В это время в творчество Лени Рифеншталь вновь вмешалась политика. В канун Рождества 1935 года Гитлер пригласил режиссера на встречу в мюнхенской квартире. Как оказалось, Геббельс ничего не рассказал фюреру о планах Лени относительно создания фильма, посвященного Олимпийским шрам 1936 года. Сама же Рифеншталь заявила, что это будет последний документальный фильм в ее творческой биографии. В ответ Гитлер пообещал, что министерство пропаганды не будет чинить никаких препятствий. Почти сразу же после этого Рифеншталь встречалась с Муссолини. Дуче хотел, чтобы она сняла фильм об осушении Понтинских болот, но та, сославшись на работу над олимпийской лентой, вежливо отказалась от подобного предложения.
В команде, которую собрала для съемок фильма Лени Рифеншталь, оказалось несколько высококлассных операторов. Однако даже им потребовалась тренировка. Уже в мае 1936 года они приступили к пробным съемкам различных спортивных соревнований, тем самым как бы оттачивая свое мастерство и «набивая руку». Иногда им приходилось работать даже без пленки в киноаппарате — они учились ловить быстрые движения спортсменов. Кроме этого проводились эксперименты с различными типами пленки — Рифеншталь хотела найти идеальный вариант, дававший наилучшее качество изображения. В итоге было решено: портретные съемки будут осуществляться при помощи пленки «Кодак». Архитектура более пластично ложилась на пленку типа «АГФА». А пейзажи с обилием зелени было решено снимать на пленку типа «Перуц».
Но, собственно, не это являлось главной проблемой. Третий рейх, как и любое тоталитарное государство, отличался своим бюрократизмом. Рифеншталь была неприятно поражена тем, что она должна была согласовать размещение всех кинокамер на олимпийских объектах. И за каждую камеру и ее расположение приходилось вести форменные битвы. Кроме этого для того, чтобы добиться хороших кадров со спортсменами, их надо было снимать на фоне неба, но для этого надо было выкопать прямо на стадионе специальные канавы и ямы. Чтобы получить разрешение, пришлось подключать Карла Дима и Международный олимпийский комитет.
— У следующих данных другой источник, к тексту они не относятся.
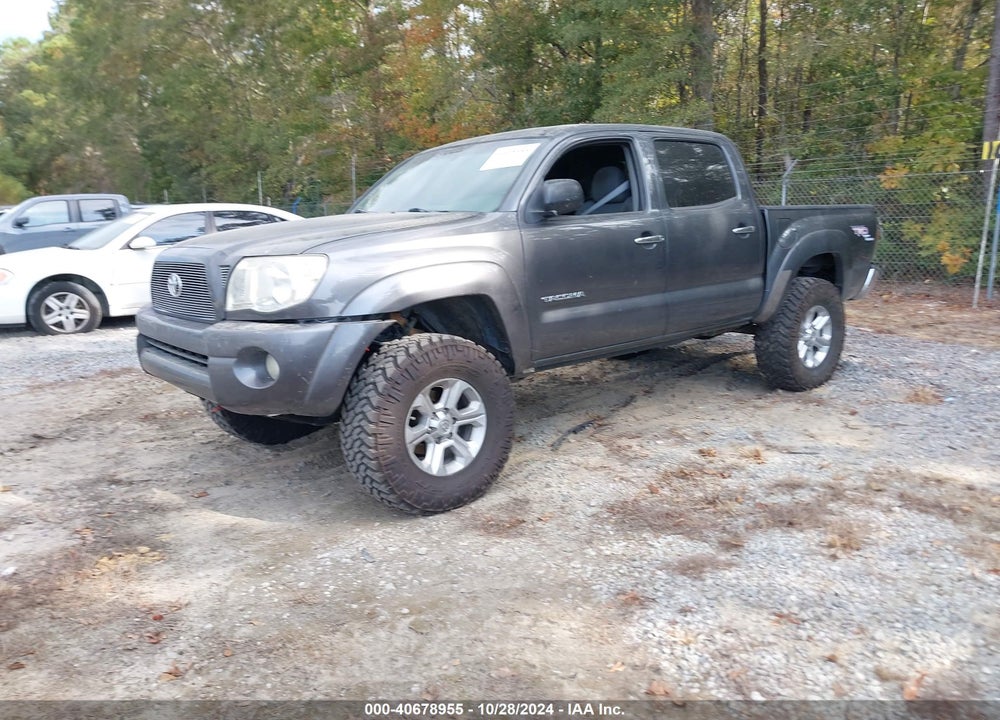 2011 TOYOTA TACOMA DOUBLE CAB VIN: 5TFLU4EN9BX021095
В итоге было одобрено обустройство шести объектов подобного типа. Одна яма находилась у сектора прыжков в длину, еще одна — у сектора прыжков в высоту. Другие были у стартовой и финишной площадок стометровки. Кроме этого в некоторых местах Олимпийского стадиона находились специальные башни и направляющие рельсы. При этом одновременно на стадионе должны были находиться не более шести операторов.
Собственно, начало съемок фильма стартовало с попытки отобразить европейскую эстафету, которая должна была донести огонь от Олимпии до Берлина. К великому разочарованию Лени Рифеншталь, античные руины в Олимпии были ненастолько живописными, как она рассчитывала. Алтарь, на котором зажигался олимпийский огонь, был жутко примитивным. К тому же в кадр бесконечно попадали либо автомобили, либо мотоциклы. В итоге съемки начала эстафеты оказались форменным образом сорванными. Лишь на четвертом бегуне съемочной группе Лени Рифеншталь улыбнулась удача. Того, кого они приняли за классического грека, оказался русским. Его звали Анатолий — его родители после революции эмигрировали в Грецию. Поначалу он отказывался сниматься в фильме, но потом проникся проектом, более того — ему понравилось изображать из себя киноактера.